-------- Information --------

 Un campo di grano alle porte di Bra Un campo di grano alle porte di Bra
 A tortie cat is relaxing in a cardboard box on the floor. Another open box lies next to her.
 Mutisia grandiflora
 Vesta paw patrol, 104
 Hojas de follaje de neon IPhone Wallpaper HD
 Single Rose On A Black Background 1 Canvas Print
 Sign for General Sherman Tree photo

--------
-------- Information --------

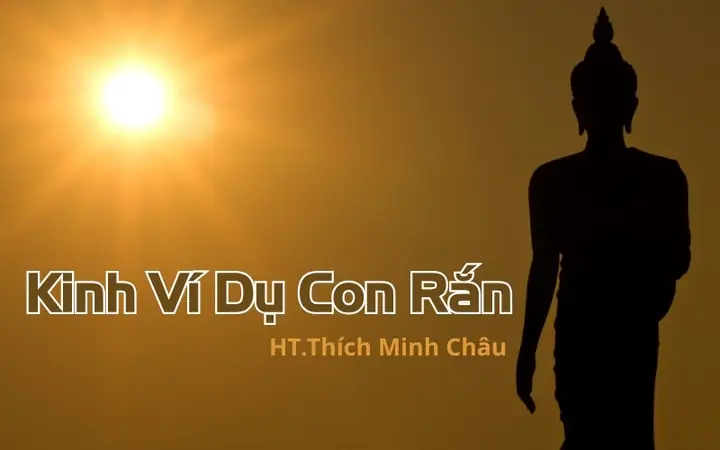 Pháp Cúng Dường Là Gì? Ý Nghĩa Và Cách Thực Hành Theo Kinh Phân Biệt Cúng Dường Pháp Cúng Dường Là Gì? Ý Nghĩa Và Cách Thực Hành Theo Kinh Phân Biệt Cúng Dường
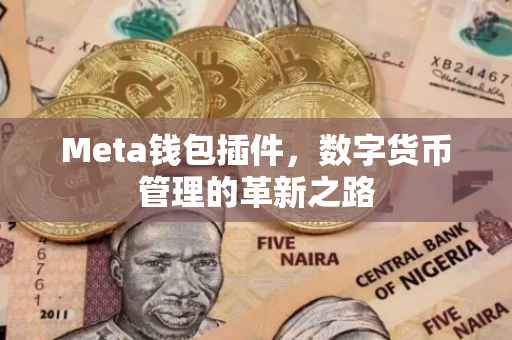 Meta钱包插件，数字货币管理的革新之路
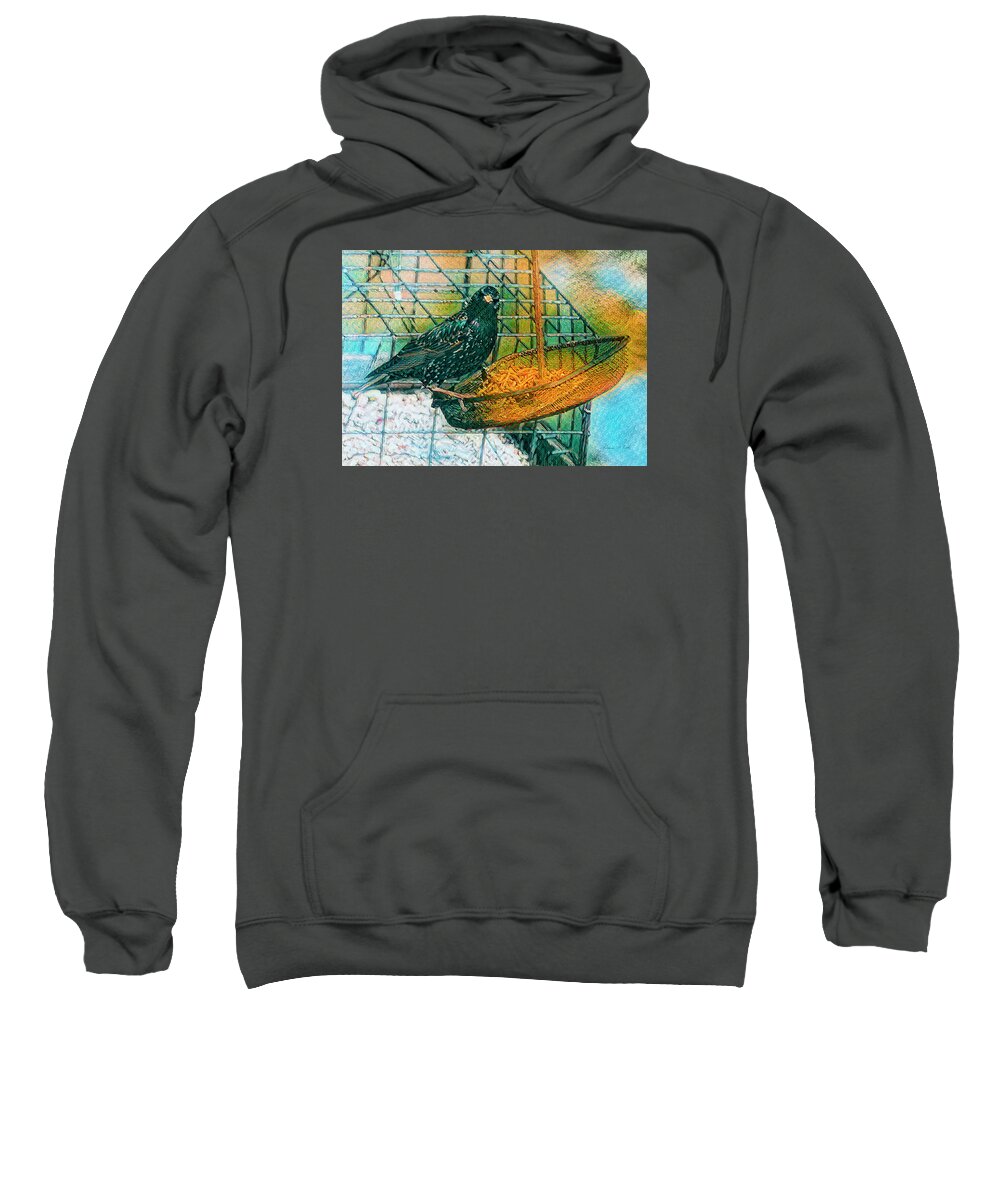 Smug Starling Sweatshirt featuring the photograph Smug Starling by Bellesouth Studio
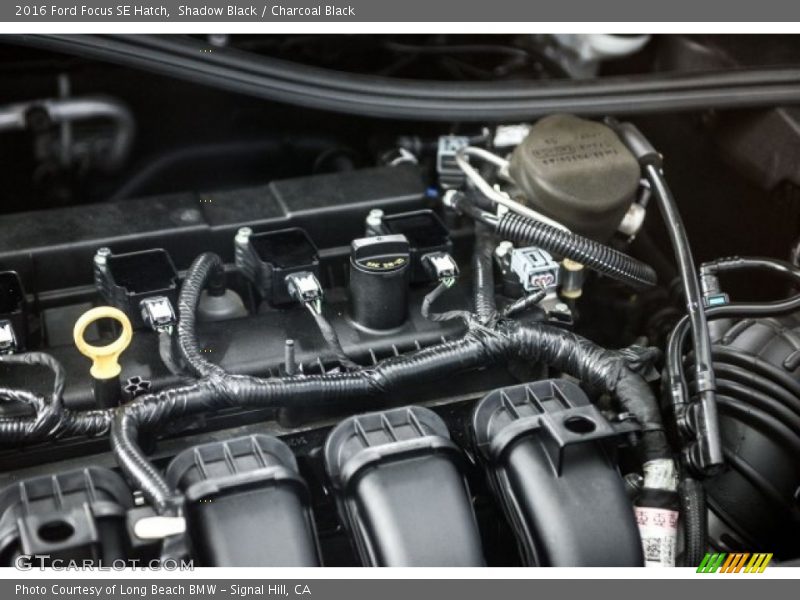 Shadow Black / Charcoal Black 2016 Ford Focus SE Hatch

--------
-------- Information --------

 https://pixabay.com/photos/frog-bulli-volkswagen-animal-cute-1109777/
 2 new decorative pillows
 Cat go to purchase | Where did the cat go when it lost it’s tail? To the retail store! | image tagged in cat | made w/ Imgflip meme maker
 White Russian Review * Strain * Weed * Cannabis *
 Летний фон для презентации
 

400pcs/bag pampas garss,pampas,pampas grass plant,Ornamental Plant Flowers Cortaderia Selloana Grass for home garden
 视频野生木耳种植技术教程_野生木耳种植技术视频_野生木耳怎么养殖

--------

● The task:
Give back precisely the lines above that start at the line containing "A tortie cat" and end at the line containing "Sign for General Sherman Tree photo", inclusive. No other lines belong in the output.

● Exercise answer:
 A tortie cat is relaxing in a cardboard box on the floor. Another open box lies next to her.
 Mutisia grandiflora
 Vesta paw patrol, 104
 Hojas de follaje de neon IPhone Wallpaper HD
 Single Rose On A Black Background 1 Canvas Print
 Sign for General Sherman Tree photo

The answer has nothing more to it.